Could you repeat the records below exactly as written?

Records to process:
+ + + +

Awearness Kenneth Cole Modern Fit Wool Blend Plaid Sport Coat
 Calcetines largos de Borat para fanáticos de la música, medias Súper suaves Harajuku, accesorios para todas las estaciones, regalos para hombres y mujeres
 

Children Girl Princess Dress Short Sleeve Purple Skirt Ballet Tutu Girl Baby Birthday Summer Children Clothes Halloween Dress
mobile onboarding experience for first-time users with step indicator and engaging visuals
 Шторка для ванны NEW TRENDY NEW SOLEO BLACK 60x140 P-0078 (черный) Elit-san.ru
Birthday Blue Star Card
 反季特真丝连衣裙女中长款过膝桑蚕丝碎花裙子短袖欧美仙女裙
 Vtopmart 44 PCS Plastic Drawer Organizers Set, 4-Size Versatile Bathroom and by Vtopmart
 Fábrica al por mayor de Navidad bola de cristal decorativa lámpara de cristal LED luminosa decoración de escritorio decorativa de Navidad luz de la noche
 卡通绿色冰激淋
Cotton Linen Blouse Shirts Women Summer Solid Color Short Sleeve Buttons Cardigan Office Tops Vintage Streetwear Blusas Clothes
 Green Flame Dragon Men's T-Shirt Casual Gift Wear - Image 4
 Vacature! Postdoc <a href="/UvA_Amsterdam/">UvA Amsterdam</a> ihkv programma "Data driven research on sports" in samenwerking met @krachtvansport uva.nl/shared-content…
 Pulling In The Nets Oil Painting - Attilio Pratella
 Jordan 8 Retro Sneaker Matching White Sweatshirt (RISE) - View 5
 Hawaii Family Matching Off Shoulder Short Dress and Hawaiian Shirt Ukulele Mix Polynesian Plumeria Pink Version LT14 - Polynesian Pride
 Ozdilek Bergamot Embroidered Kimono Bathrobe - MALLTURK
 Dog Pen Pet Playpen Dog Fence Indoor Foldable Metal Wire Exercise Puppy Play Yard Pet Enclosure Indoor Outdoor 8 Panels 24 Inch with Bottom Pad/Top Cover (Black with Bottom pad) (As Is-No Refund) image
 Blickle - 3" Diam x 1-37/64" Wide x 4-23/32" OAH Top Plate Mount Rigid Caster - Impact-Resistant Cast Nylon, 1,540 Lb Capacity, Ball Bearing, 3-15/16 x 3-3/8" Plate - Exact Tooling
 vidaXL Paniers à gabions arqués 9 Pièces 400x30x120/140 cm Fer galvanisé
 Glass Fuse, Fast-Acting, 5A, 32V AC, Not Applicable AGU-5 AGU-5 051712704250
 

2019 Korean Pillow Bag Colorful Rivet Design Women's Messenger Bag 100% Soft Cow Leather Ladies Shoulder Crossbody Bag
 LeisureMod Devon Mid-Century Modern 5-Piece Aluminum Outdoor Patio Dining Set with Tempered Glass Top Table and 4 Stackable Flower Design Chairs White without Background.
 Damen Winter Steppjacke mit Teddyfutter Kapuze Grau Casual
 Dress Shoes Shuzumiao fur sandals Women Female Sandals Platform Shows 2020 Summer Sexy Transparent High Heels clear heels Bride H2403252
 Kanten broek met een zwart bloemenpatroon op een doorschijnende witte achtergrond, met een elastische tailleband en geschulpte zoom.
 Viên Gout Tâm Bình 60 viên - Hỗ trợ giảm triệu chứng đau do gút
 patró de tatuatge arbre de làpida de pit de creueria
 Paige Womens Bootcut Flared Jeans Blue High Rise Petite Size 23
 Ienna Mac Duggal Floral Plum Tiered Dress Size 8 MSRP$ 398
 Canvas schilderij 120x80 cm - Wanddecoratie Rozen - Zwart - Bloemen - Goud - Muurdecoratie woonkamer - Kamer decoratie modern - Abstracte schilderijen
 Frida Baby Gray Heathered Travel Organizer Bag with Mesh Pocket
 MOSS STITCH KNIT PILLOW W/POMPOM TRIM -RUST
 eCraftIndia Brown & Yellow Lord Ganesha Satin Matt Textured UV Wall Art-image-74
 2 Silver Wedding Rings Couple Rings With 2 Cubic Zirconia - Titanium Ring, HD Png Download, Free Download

+ + + +

Response area:
Awearness Kenneth Cole Modern Fit Wool Blend Plaid Sport Coat
 Calcetines largos de Borat para fanáticos de la música, medias Súper suaves Harajuku, accesorios para todas las estaciones, regalos para hombres y mujeres
 

Children Girl Princess Dress Short Sleeve Purple Skirt Ballet Tutu Girl Baby Birthday Summer Children Clothes Halloween Dress
mobile onboarding experience for first-time users with step indicator and engaging visuals
 Шторка для ванны NEW TRENDY NEW SOLEO BLACK 60x140 P-0078 (черный) Elit-san.ru
Birthday Blue Star Card
 反季特真丝连衣裙女中长款过膝桑蚕丝碎花裙子短袖欧美仙女裙
 Vtopmart 44 PCS Plastic Drawer Organizers Set, 4-Size Versatile Bathroom and by Vtopmart
 Fábrica al por mayor de Navidad bola de cristal decorativa lámpara de cristal LED luminosa decoración de escritorio decorativa de Navidad luz de la noche
 卡通绿色冰激淋
Cotton Linen Blouse Shirts Women Summer Solid Color Short Sleeve Buttons Cardigan Office Tops Vintage Streetwear Blusas Clothes
 Green Flame Dragon Men's T-Shirt Casual Gift Wear - Image 4
 Vacature! Postdoc <a href="/UvA_Amsterdam/">UvA Amsterdam</a> ihkv programma "Data driven research on sports" in samenwerking met @krachtvansport uva.nl/shared-content…
 Pulling In The Nets Oil Painting - Attilio Pratella
 Jordan 8 Retro Sneaker Matching White Sweatshirt (RISE) - View 5
 Hawaii Family Matching Off Shoulder Short Dress and Hawaiian Shirt Ukulele Mix Polynesian Plumeria Pink Version LT14 - Polynesian Pride
 Ozdilek Bergamot Embroidered Kimono Bathrobe - MALLTURK
 Dog Pen Pet Playpen Dog Fence Indoor Foldable Metal Wire Exercise Puppy Play Yard Pet Enclosure Indoor Outdoor 8 Panels 24 Inch with Bottom Pad/Top Cover (Black with Bottom pad) (As Is-No Refund) image
 Blickle - 3" Diam x 1-37/64" Wide x 4-23/32" OAH Top Plate Mount Rigid Caster - Impact-Resistant Cast Nylon, 1,540 Lb Capacity, Ball Bearing, 3-15/16 x 3-3/8" Plate - Exact Tooling
 vidaXL Paniers à gabions arqués 9 Pièces 400x30x120/140 cm Fer galvanisé
 Glass Fuse, Fast-Acting, 5A, 32V AC, Not Applicable AGU-5 AGU-5 051712704250
 

2019 Korean Pillow Bag Colorful Rivet Design Women's Messenger Bag 100% Soft Cow Leather Ladies Shoulder Crossbody Bag
 LeisureMod Devon Mid-Century Modern 5-Piece Aluminum Outdoor Patio Dining Set with Tempered Glass Top Table and 4 Stackable Flower Design Chairs White without Background.
 Damen Winter Steppjacke mit Teddyfutter Kapuze Grau Casual
 Dress Shoes Shuzumiao fur sandals Women Female Sandals Platform Shows 2020 Summer Sexy Transparent High Heels clear heels Bride H2403252
 Kanten broek met een zwart bloemenpatroon op een doorschijnende witte achtergrond, met een elastische tailleband en geschulpte zoom.
 Viên Gout Tâm Bình 60 viên - Hỗ trợ giảm triệu chứng đau do gút
 patró de tatuatge arbre de làpida de pit de creueria
 Paige Womens Bootcut Flared Jeans Blue High Rise Petite Size 23
 Ienna Mac Duggal Floral Plum Tiered Dress Size 8 MSRP$ 398
 Canvas schilderij 120x80 cm - Wanddecoratie Rozen - Zwart - Bloemen - Goud - Muurdecoratie woonkamer - Kamer decoratie modern - Abstracte schilderijen
 Frida Baby Gray Heathered Travel Organizer Bag with Mesh Pocket
 MOSS STITCH KNIT PILLOW W/POMPOM TRIM -RUST
 eCraftIndia Brown & Yellow Lord Ganesha Satin Matt Textured UV Wall Art-image-74
 2 Silver Wedding Rings Couple Rings With 2 Cubic Zirconia - Titanium Ring, HD Png Download, Free Download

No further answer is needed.